There are, of course, Native XML Database out there already, but what differentiates M/DB:X is two key things:
- its simplicity. M/DB:X disposes of most of the formality and complexity normally associated with handling XML
- you access it using HTTP/REST requests and it returns its responses as XML.
Basically it's like Amazon SimpleDB meets XML in the Cloud!
All the other Native XML Databases are heavyweight and very formal affairs, built around the concept of XML being validated against a schema and with rigorous adherence to XML namespacing rules.
M/DB:X throws all that away and takes the "good enough" approach, simplifying the concept right
down. Much as SimpleDB provides a place where you can throw together spreadsheet-like databases without any need for pre-defining a schema or indexes, M/DB:X allows you to quickly and easily throw together XML documents and play around with them in any way you like.
M/DB:X also bucks the trend by using a non-validating parser.
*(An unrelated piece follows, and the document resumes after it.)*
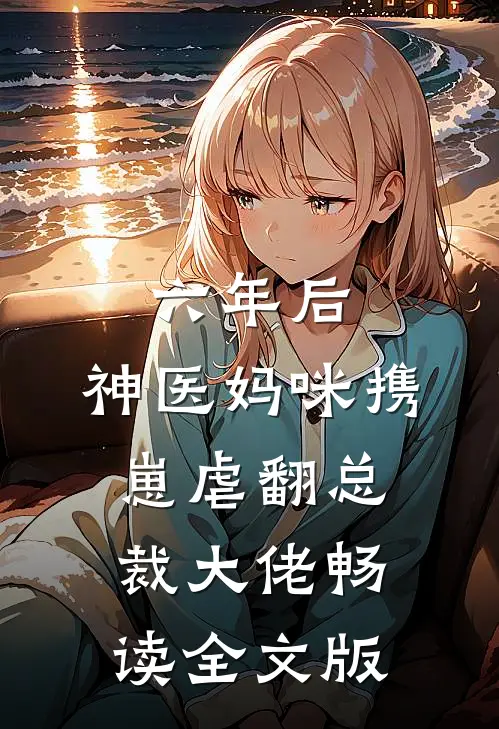 六年后，神医妈咪携崽虐翻总裁大佬畅读全文版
Basically you can throw anything that looks vaguely like XML at M/DB:X and it will do its best to turn it into an XML DOM. It won't return errors and it won't complain that what you gave it doesn't conform to a particular schema or that it wasn't properly structured XML. If it can turn it into a DOM, it will.
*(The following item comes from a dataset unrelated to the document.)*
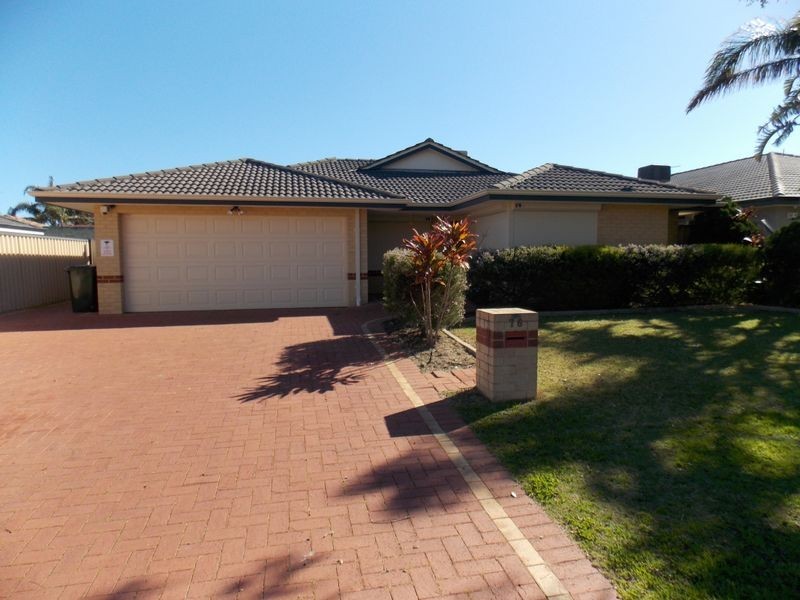 76 Congdon Avenue, Beeliar WA 6164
This will have the XML gurus out there wailing and gnashing their teeth of course! So why's this a cool thing and not a problem?
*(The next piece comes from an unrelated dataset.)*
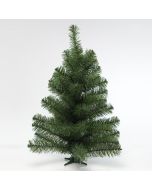 ΔΕΝΤΡΟ 80cm, 61 TIPS (ΠΑΧΟΣ ΤΩΝ TIPS 8cm), ΠΡΑΣΙΝΟ ΧΡΩΜΑ Eurolamp 600-30027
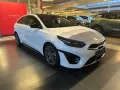 Kia PROCEED 1.5T DCT7 GTL TEC GD 18Z LEDER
Well, for example, it means that you can get it to import "lazy" structured HTML pages from any URL you like and it will tidy it up as best it can and turn it into an XML DOM for you. Once it's done that for you, you can analyse that page, take bits out of it, find stuff in it, all using proper XML techniques and XPath queries instead of hacking about with the raw page text.
Relax, however: give M/DB:X a properly structured valid XML document and it will produce the DOM you'd expect!
Speed, simplicity, ease of operation and near-zero administration are the objectives of M/DB:X.
It's a simple-to-install extension to the M/DB Virtual Appliance, so you can be up and running in no time at all.
XML databases just got simple! Go and check it out!
Oh, and did I mention: M/DB:X is free Open Source software.